Miss Alderdice was first posted at Belfast, then Bristol, and Cardiff.  Her next chance [sic] was to the  Midlands, just outside Birmingham and she was on the East Coast in the days when V2 rocket bombs were plastering the coast.

“A great many girls after D-Day,” she continued, “went over with the British Liberation Army.  At first, to our great disappointment, we weren’t allowed overseas as a mixed unit, as there were no facilities for us.  Many girls, however, went independently.  When we were disbanded, we were sent to the East Coast, where most of the gun sites were sent.  It was just outside Ipswich.”

“The last two months I spent in London, which was what I had been wanting all along.  I’d been posted from the North of Scotland to the South of England, but never in London.  Not that it really mattered, since I couldn’t be posted anywhere near home.”

When asked if she had been through many raids, Miss Alderdice nodded.

“I suppose really we were in a great deal,” she admitted, “mostly spasmodic raids and bombings.  You see, we had to be near the gun sites, in order to service them.  Cardiff and Bristol had some very bad raids, and so had Belfast in the early days.”

Miss Alderdice is keenly interested in social services work, although she insists that right now she wants to do nothing but relax.

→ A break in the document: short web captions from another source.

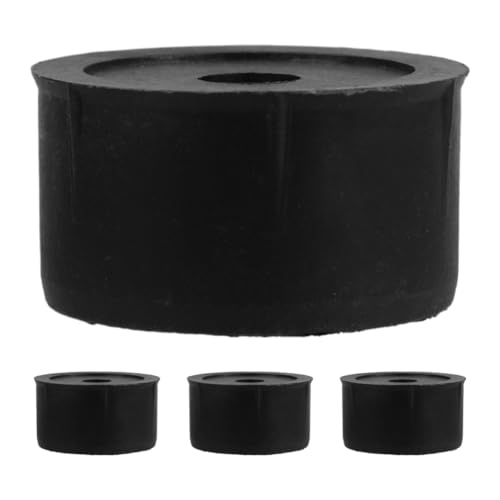 Homoyoyo 4Pcs DIY Katzenbaum Ersatzstopper Teile Katzenkratzpost Teile Einfache Installation Plastikstecker Katze Kratzpost -Loch -Stopper Lieferungen Homoyoyo 4Pcs DIY Katzenbaum Ersatzstopper Teile Katzenkratzpost Teile Einfache Installation Plastikstecker Katze Kratzpost -Loch -Stopper Lieferungen von Homoyoyo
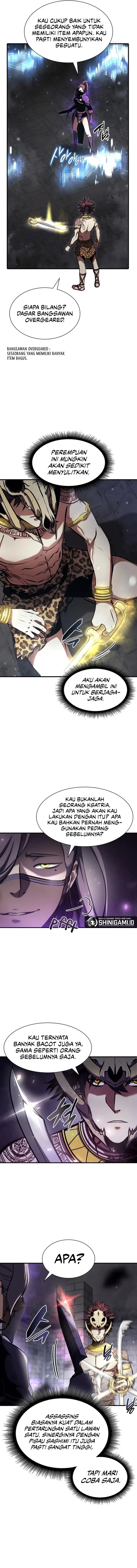 image-komik-i-returned-as-an-fff-class-witch-doctor-chapter-14-6/14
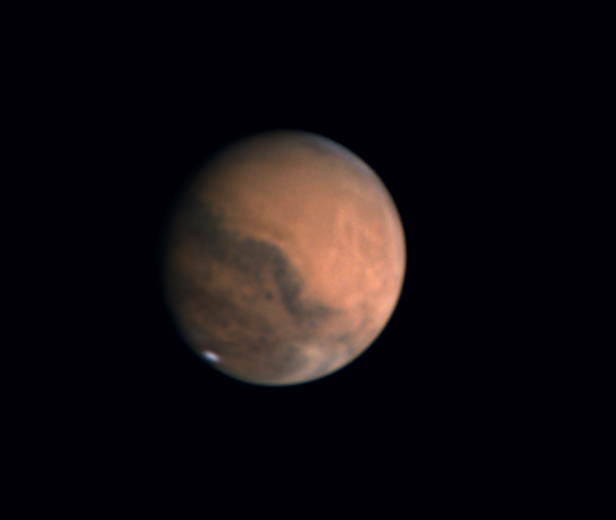 2020-11-17-2034_4-U-RGB-Mars_g6_ap7_pix.jpg.1204591e36fb92d9b4ebff3302982d25.jpg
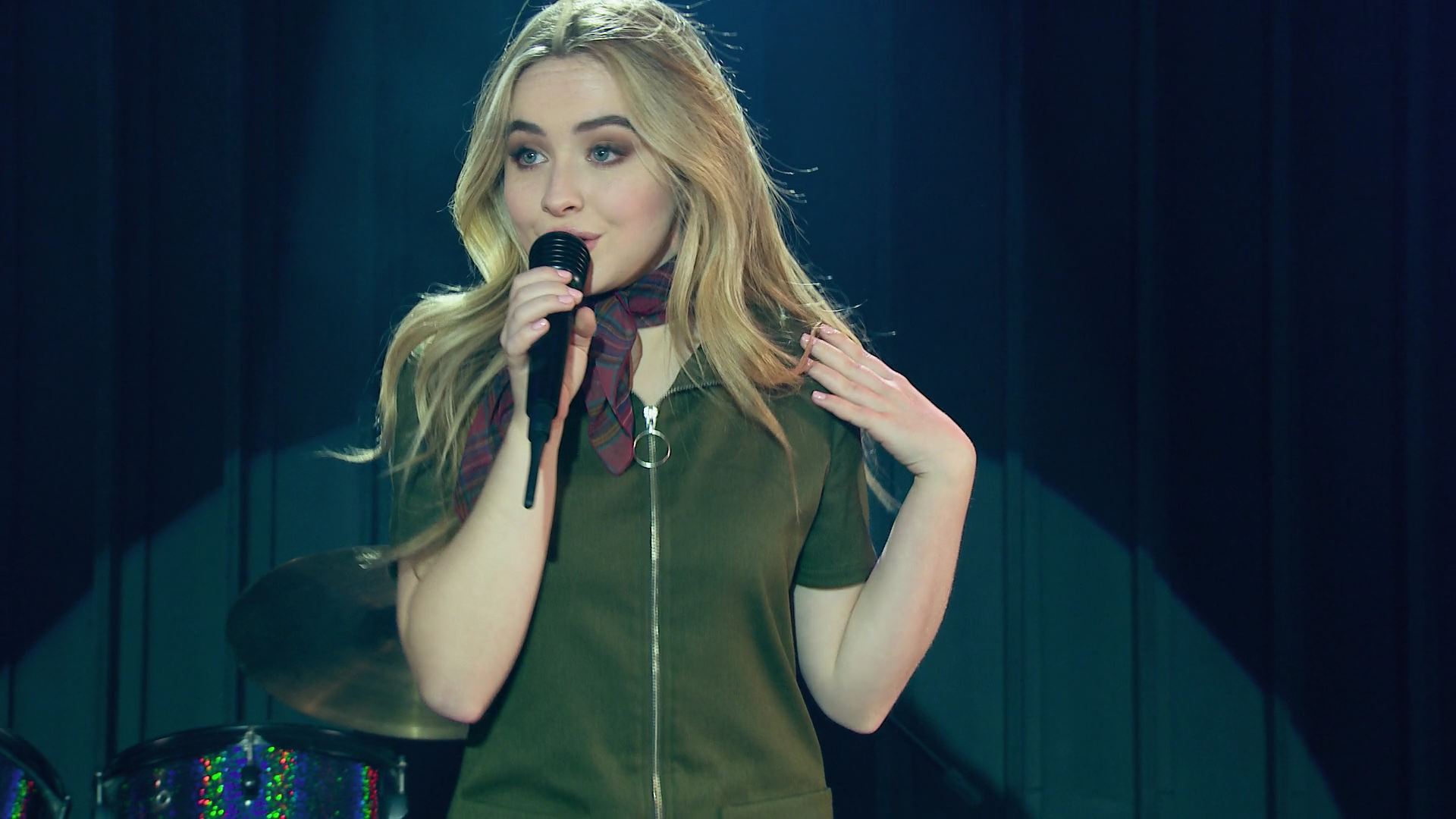 soyluna-guest-wheels_092.jpg soyluna-guest-wheels_092.jpg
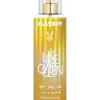 PLAYBOY PLAYBOY LIKE A QUEEN FRAGRANCE MIST 250 ML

She paid a glowing tribute to the English civilians.
“There were no complaints,” she said, “no matter how hard things got.  Women and children, as husbands were away, were often left wondering about homeless, seeking a Knights shelter.  But they kept their sense of humor through it all, and carried on.  They are doing the same today, when in some respects, life is even harder than it was.  They are certainly a wonderful people.”